我の張り合いでは、他の宗教の信奉者を確実に打ち負かす(?)ことはできない。

これでは、大乗仏教を、普遍妥当性を持った宗教とするには程遠い。

そのように、考えたのではないか。

さらには、他宗の信奉者と対峙することがある場合に備えて(?)、揺るぎない信念を確保しておきたいとも思うだろう。

そして、何よりも、自らが信じる、あるいは信じたい、心の拠り所にするところの宗教に対する絶対の信頼が欲しい。

あるいは、絶対の信頼は得られていると無理矢理(?)でも自らに言い聞かせながら、信奉をしたい。

そのためには、どうしても、何が何でも、信奉したい宗教に対する鋼鉄のような信心を確立するための、とりあえずでもいいから(?)、絶対的な権威づけが必要である。

唯物論者が何と言って来ようが、他宗の人間が何と言って来ようが、唯物論よりはるか上の別次元に話を持っていってしまえば、何を言われても、暖簾に腕押しで話にならず、とりあえずは、信奉を保つことができるものと考えた(しかし、これでは、やはり、我の張り合いに収束するから、十分ではないと思う)。

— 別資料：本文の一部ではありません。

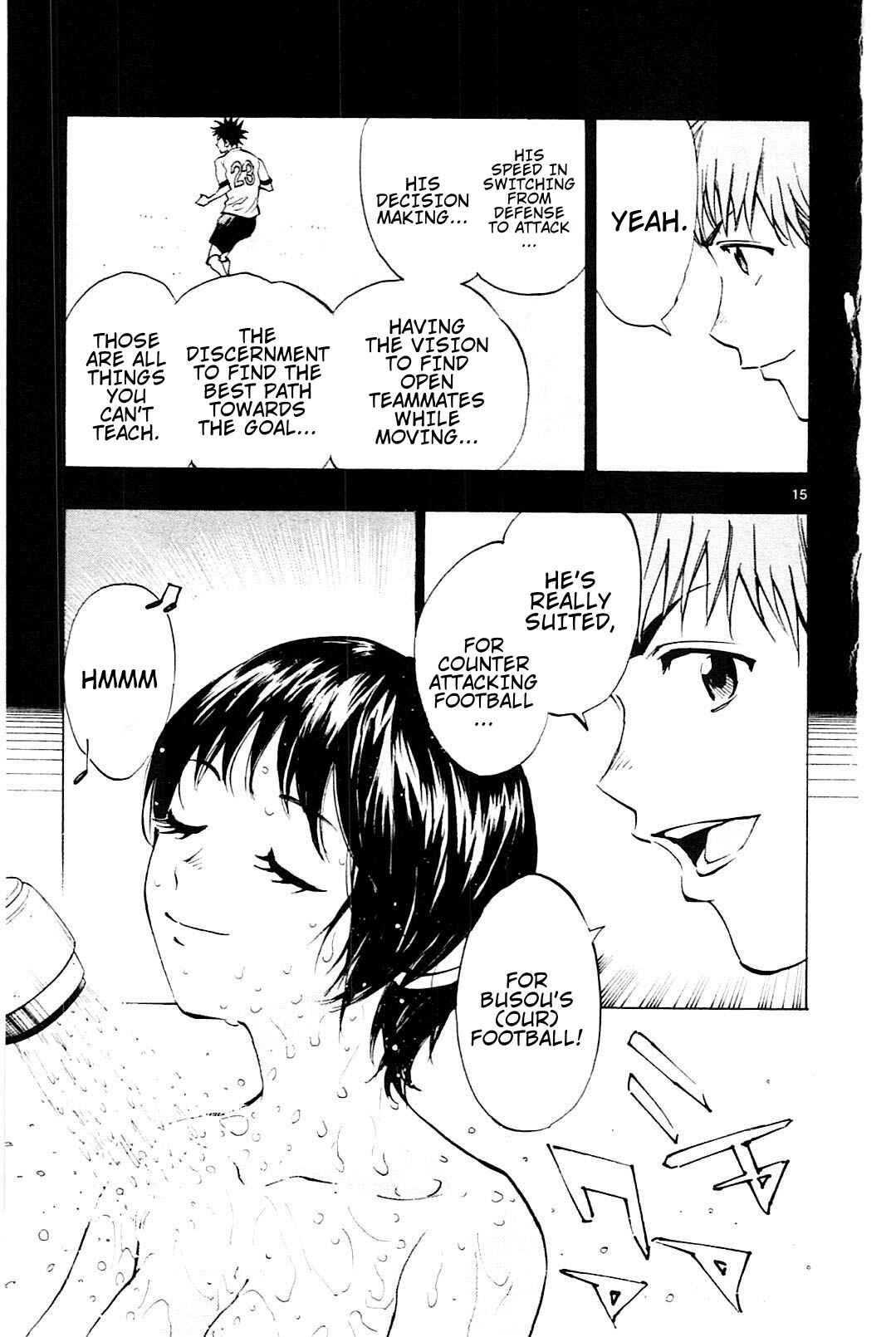 Page 16 Chapter 106 BE BLUES ~Ao ni Nare~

だから、唯物論で考えたら、奇妙奇天烈で荒唐無稽な内容を含む大乗仏教は、他の宗教や哲学の教えに、その牙城を崩されないための体裁をどうしても、それなりに保つ必要に迫られる。

大乗仏教の信仰で奇跡が、例えば、観音様の信仰で奇跡が起きてそれなりの説得力が得られた場合があったとしても、それは、信仰する人(の過去世の因縁因果との兼ね合い)にもよるので、奇跡は恒常的に起きるとは限らない。

従って、奇跡だけをもって、自らの信仰の絶対の裏付けとすることはできない。こうした考えをとる場合には、奇跡は恒常的に、いわば、数学の公式のように起きなければならないからだ。

やはり、信じられるかどうかは別にして、理屈の上で、それなりの体裁を整えておくことがどうしても必要だ。

それには、お釈迦さんを、私達と同次元の存在ではない、もちろん、お弟子さん達よりもはるかに格上で、手が届かない絶対者に祭り上げておくことが必須となる。

お釈迦さんを、そうした絶対不可侵の崇高な存在として祭り上げておくためには、これまた、絶対なる権威を確立させておくことが必要だ。

ひろさんは、こうした背景から、あのように、やや強引な権威づけの話、すなわち、小乗仏教のお釈迦さん=肉体人間としての仏陀観では、外(唯物論者=仏教を信じない者、他宗の信奉者)にも、内(自分)にも、体裁を整えられない、説得力を得られない、と考えたのではないか。

それで、あのように書いていたのではないか、と個人的には考える。

以上は、ひろさんが後に書いていることにも関連するのだが、とりあえず、一読者としては、このように感じましたね。